## Task directions:
Starting with the line that contains "USA買付　Oklahoma Sooners Top", give again exactly and only each line through the end of the records; include the last line and exclude pictures.

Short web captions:

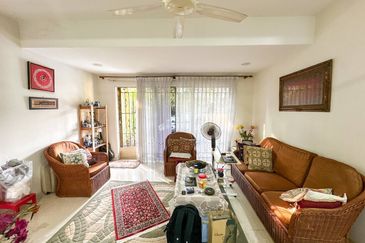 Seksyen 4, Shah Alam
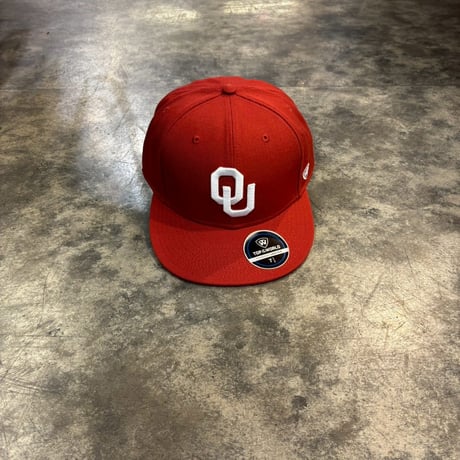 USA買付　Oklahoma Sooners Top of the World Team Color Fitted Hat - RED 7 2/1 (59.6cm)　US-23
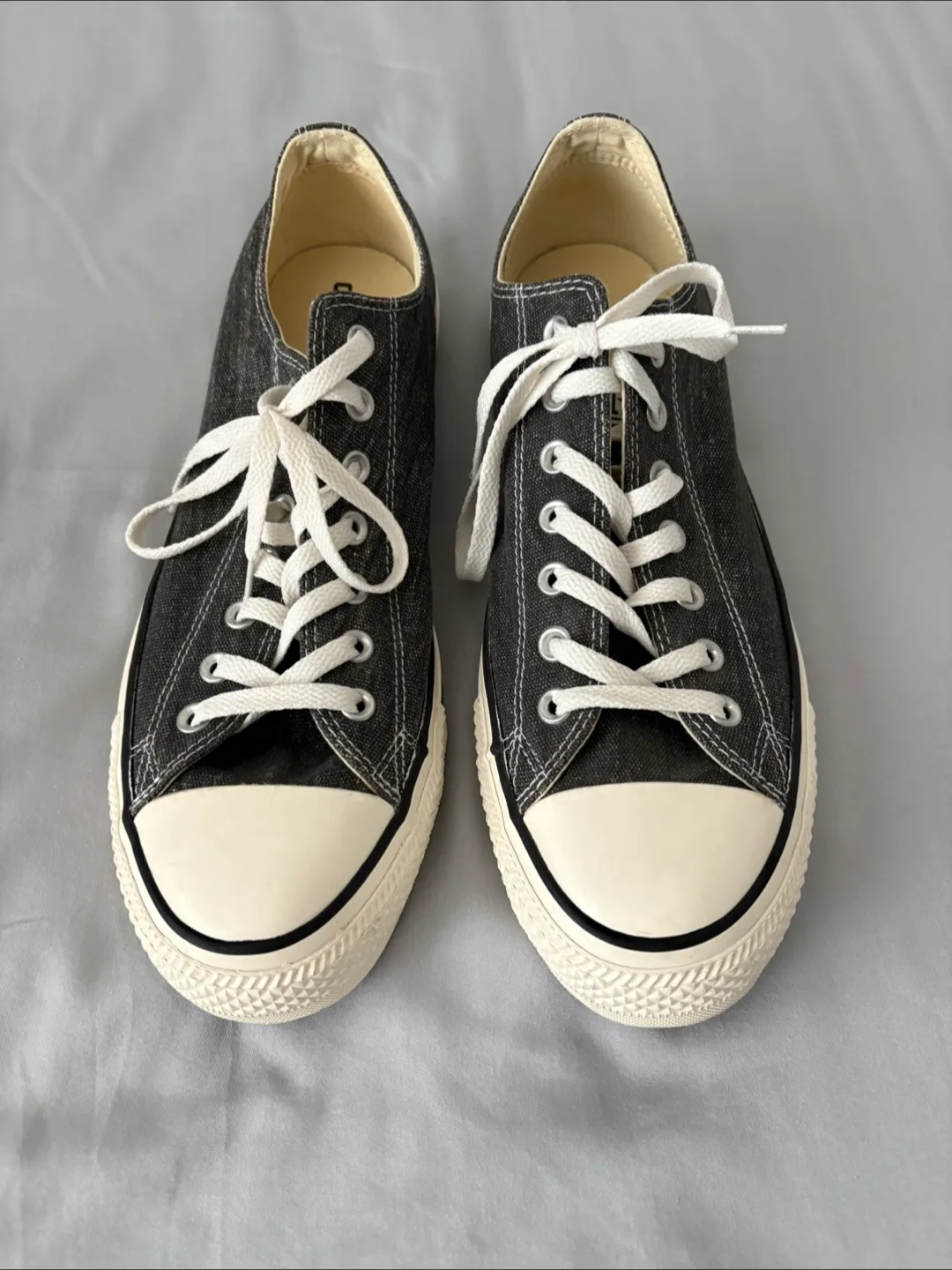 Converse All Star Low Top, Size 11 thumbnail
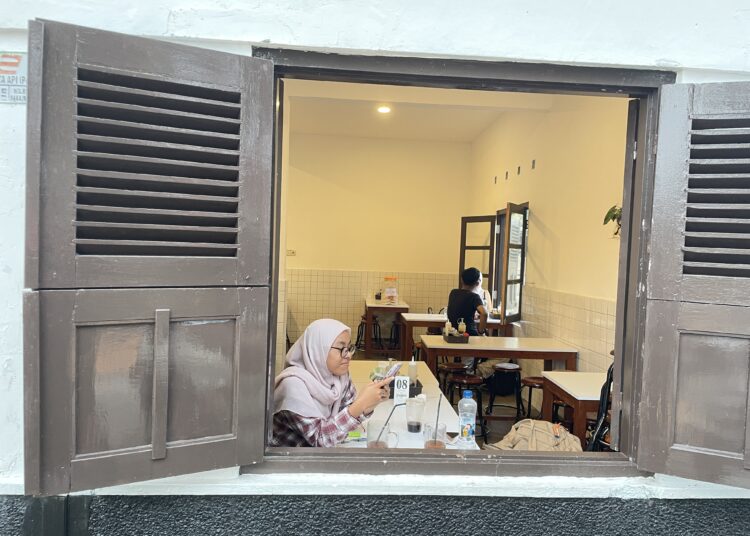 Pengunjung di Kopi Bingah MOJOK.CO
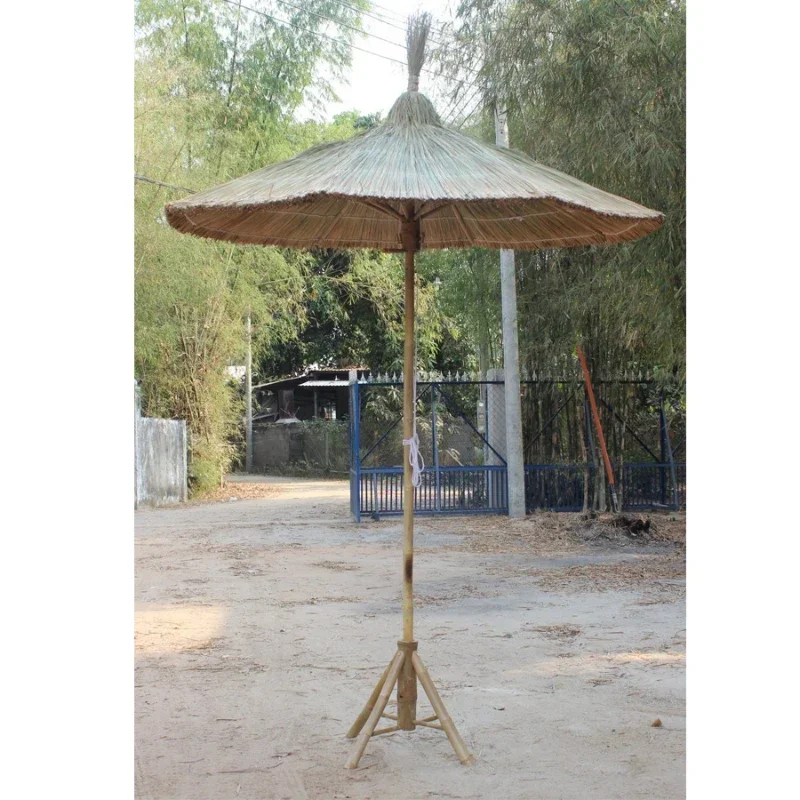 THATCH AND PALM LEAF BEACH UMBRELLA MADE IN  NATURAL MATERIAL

## Solution to the problem:
 USA買付　Oklahoma Sooners Top of the World Team Color Fitted Hat - RED 7 2/1 (59.6cm)　US-23
 Converse All Star Low Top, Size 11 thumbnail
 Pengunjung di Kopi Bingah MOJOK.CO
 THATCH AND PALM LEAF BEACH UMBRELLA MADE IN  NATURAL MATERIAL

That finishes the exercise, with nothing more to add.